EXERCISE:
What is needed is an exact reproduction of the lines in the records below, starting at the line with "Conjunto de Jantar" and ending at the line with "Quiksilver - Klapki", both included, and nothing else; pictures stay out.

SOURCE MATERIAL:

-- Opening Marker --

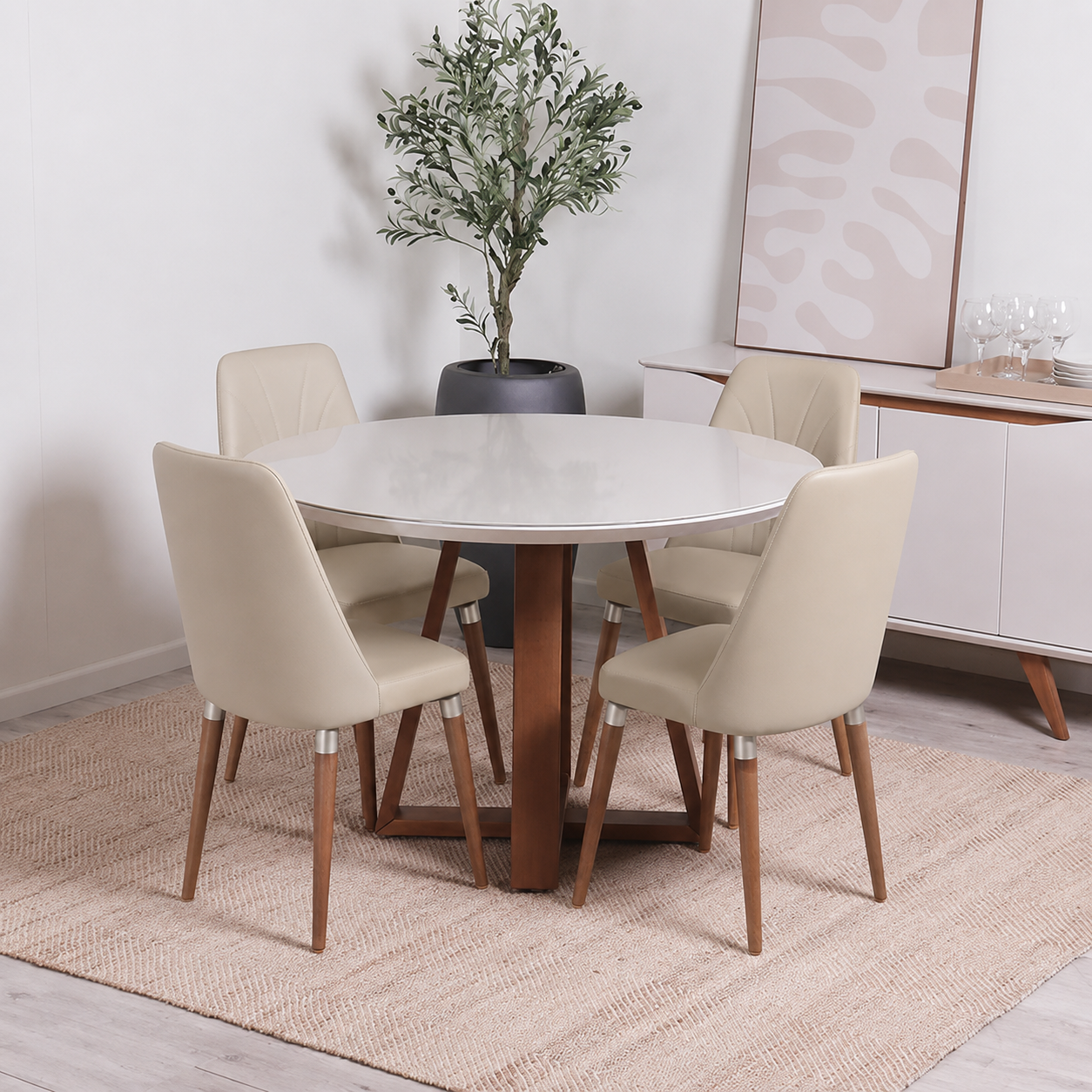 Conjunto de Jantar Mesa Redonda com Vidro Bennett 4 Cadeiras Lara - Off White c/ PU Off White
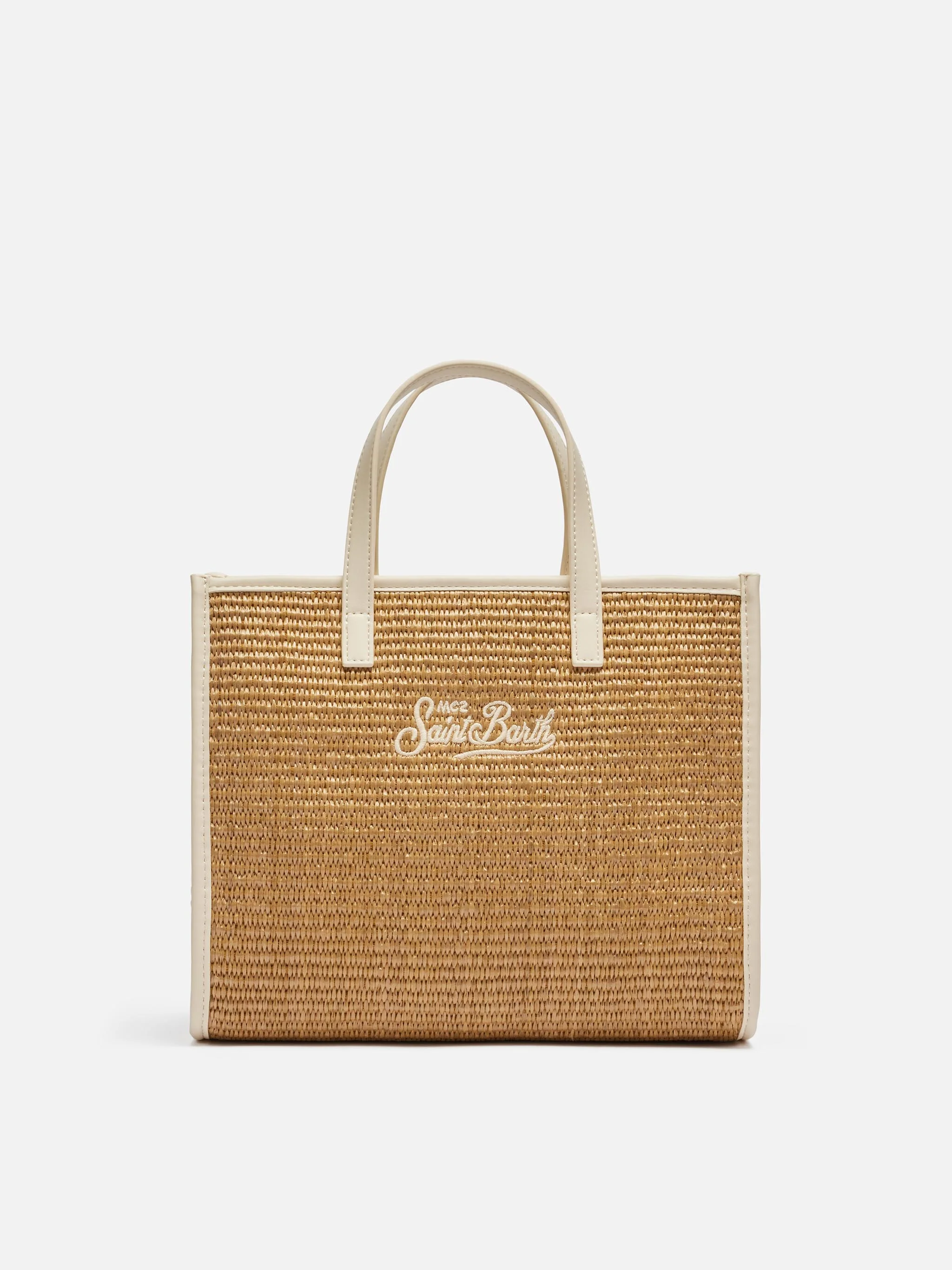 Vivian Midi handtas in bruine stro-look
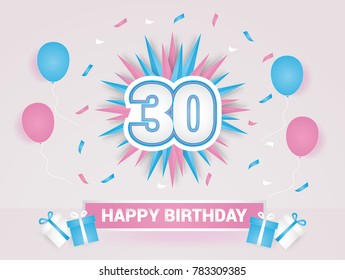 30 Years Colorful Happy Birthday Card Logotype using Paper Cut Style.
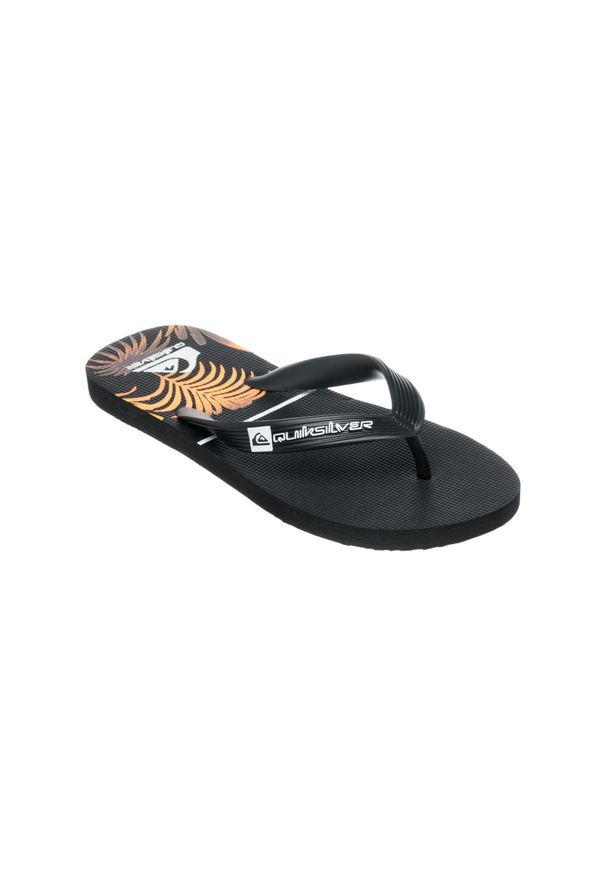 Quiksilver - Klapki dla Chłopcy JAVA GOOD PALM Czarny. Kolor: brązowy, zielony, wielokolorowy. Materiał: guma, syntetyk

-- Closing Marker --
-- Opening Marker --

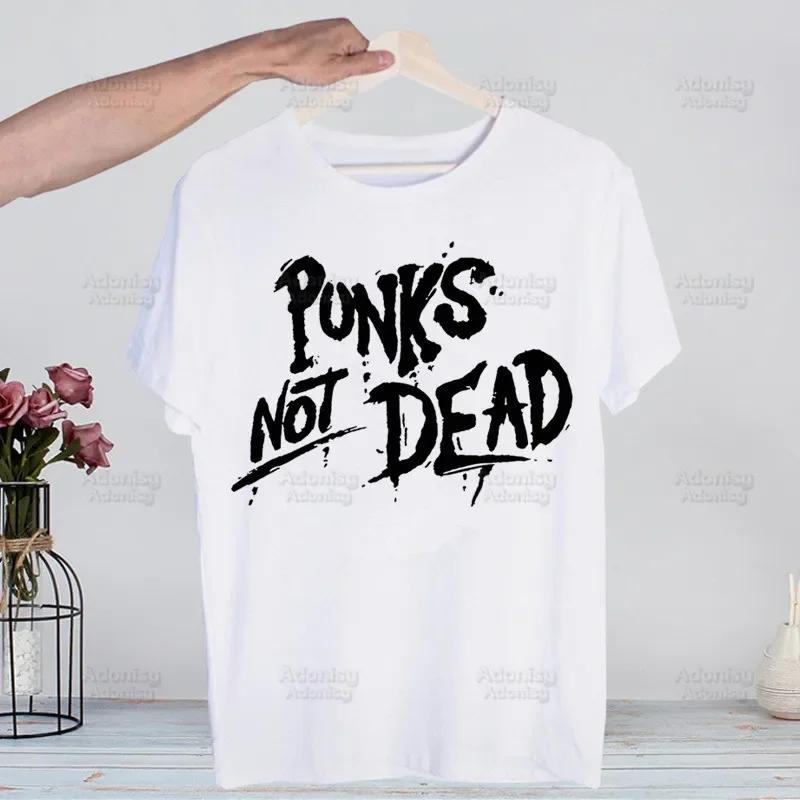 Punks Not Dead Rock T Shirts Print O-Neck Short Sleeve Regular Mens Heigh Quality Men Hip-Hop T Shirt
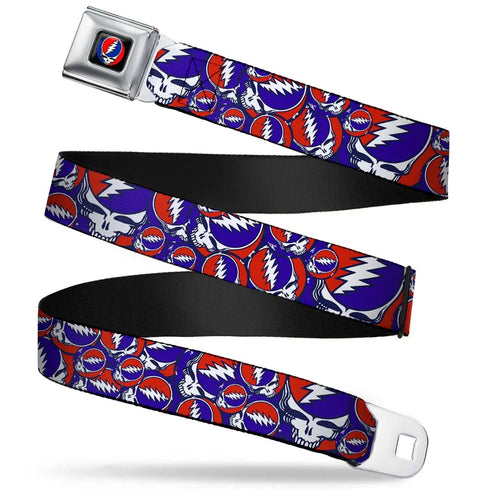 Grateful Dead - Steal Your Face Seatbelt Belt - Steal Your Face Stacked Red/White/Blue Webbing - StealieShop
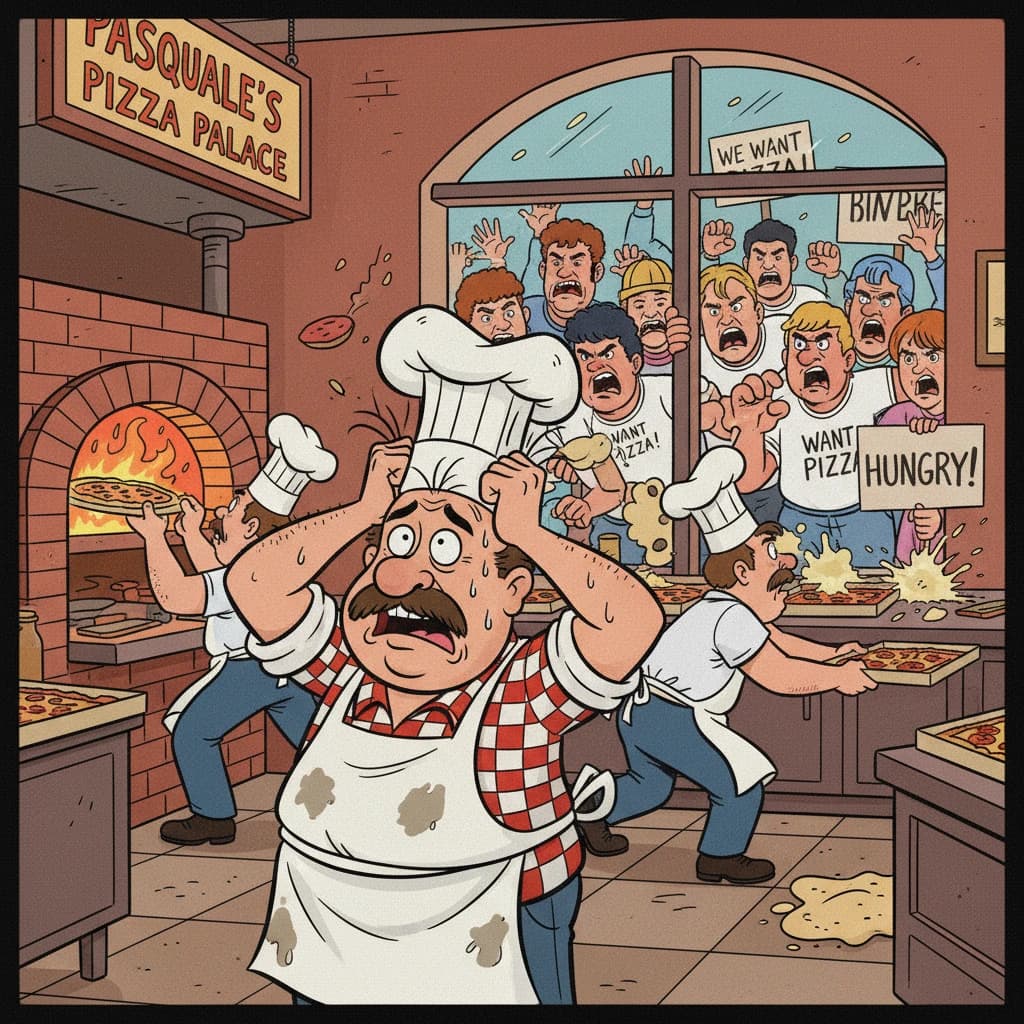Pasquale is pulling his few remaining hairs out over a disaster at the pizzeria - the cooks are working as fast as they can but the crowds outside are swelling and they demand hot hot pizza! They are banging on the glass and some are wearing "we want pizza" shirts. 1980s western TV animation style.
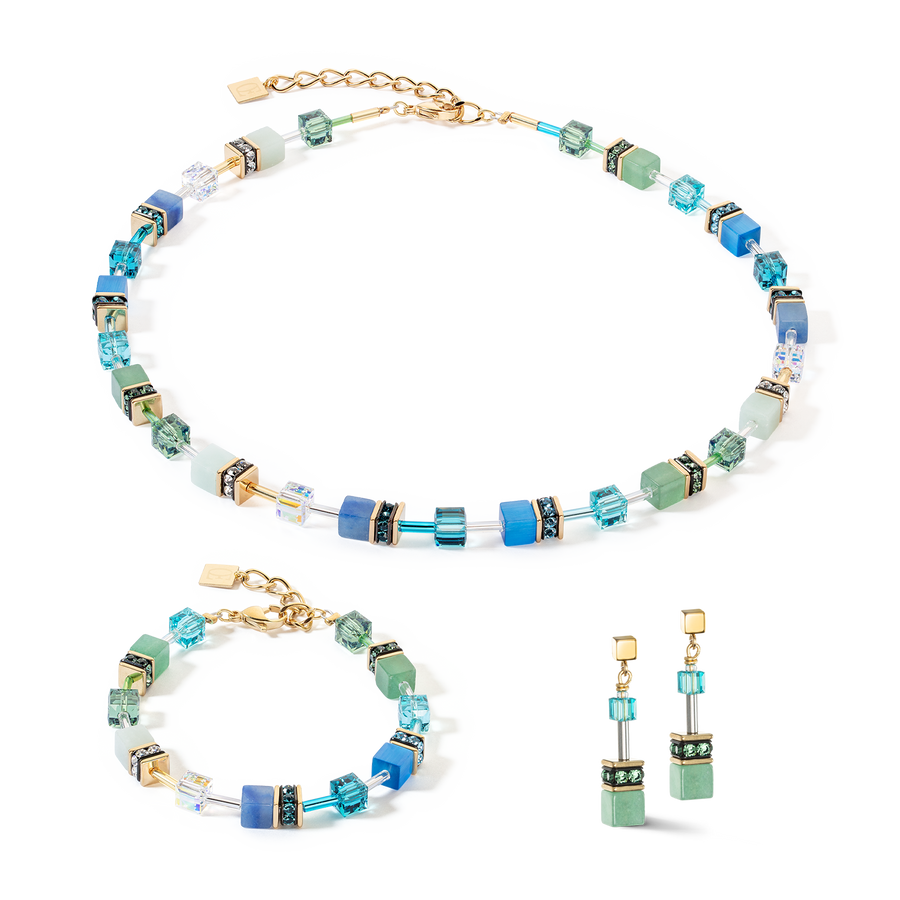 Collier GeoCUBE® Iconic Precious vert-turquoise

-- Closing Marker --
-- Opening Marker --

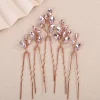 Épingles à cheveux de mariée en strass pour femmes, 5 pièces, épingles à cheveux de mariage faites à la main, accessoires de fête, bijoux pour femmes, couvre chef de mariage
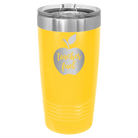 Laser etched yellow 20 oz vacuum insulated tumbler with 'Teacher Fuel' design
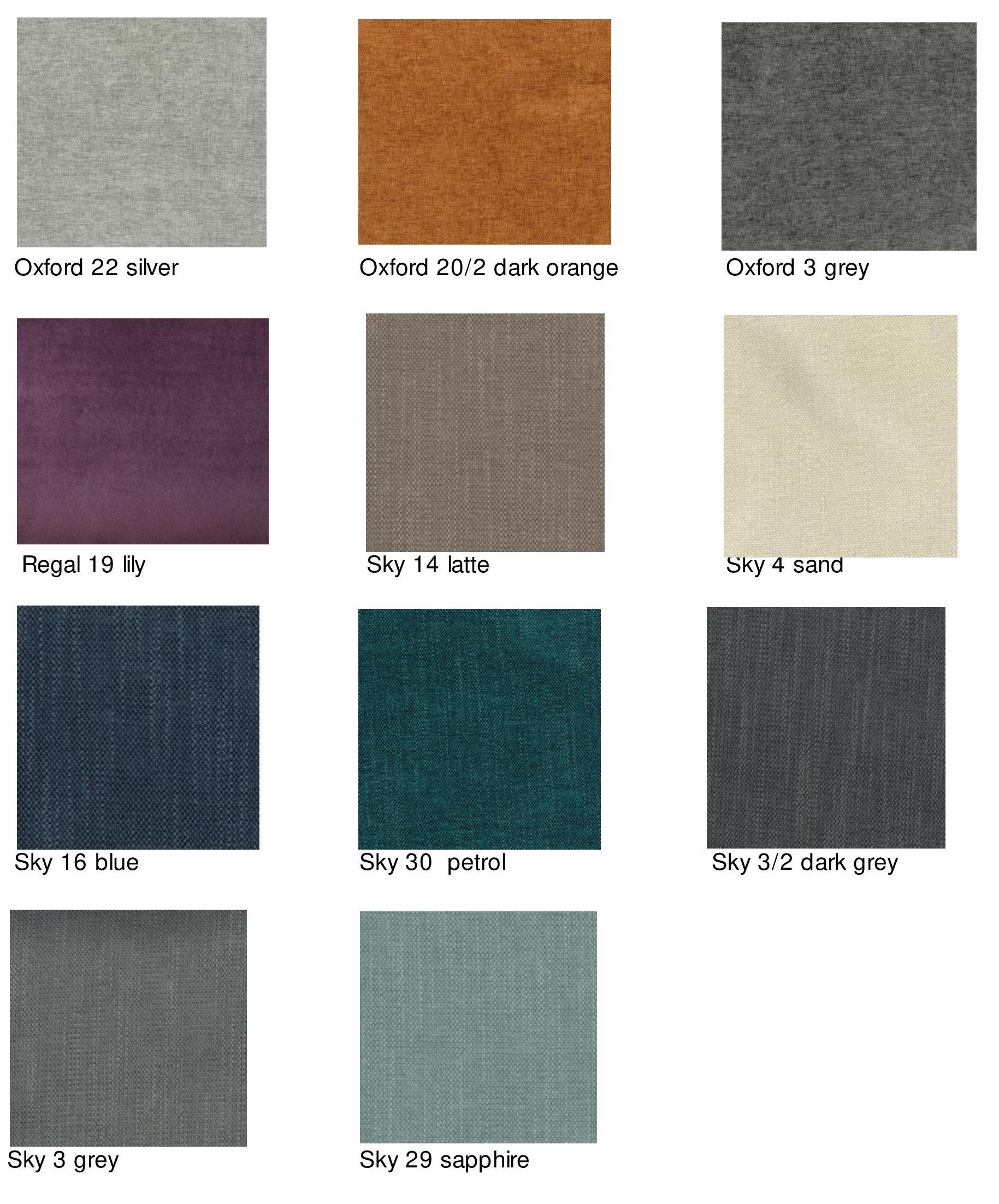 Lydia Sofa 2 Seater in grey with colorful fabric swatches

-- Closing Marker --

SOLUTION FOR THIS EXERCISE:
 Conjunto de Jantar Mesa Redonda com Vidro Bennett 4 Cadeiras Lara - Off White c/ PU Off White
 Vivian Midi handtas in bruine stro-look
 30 Years Colorful Happy Birthday Card Logotype using Paper Cut Style.
 Quiksilver - Klapki dla Chłopcy JAVA GOOD PALM Czarny. Kolor: brązowy, zielony, wielokolorowy. Materiał: guma, syntetyk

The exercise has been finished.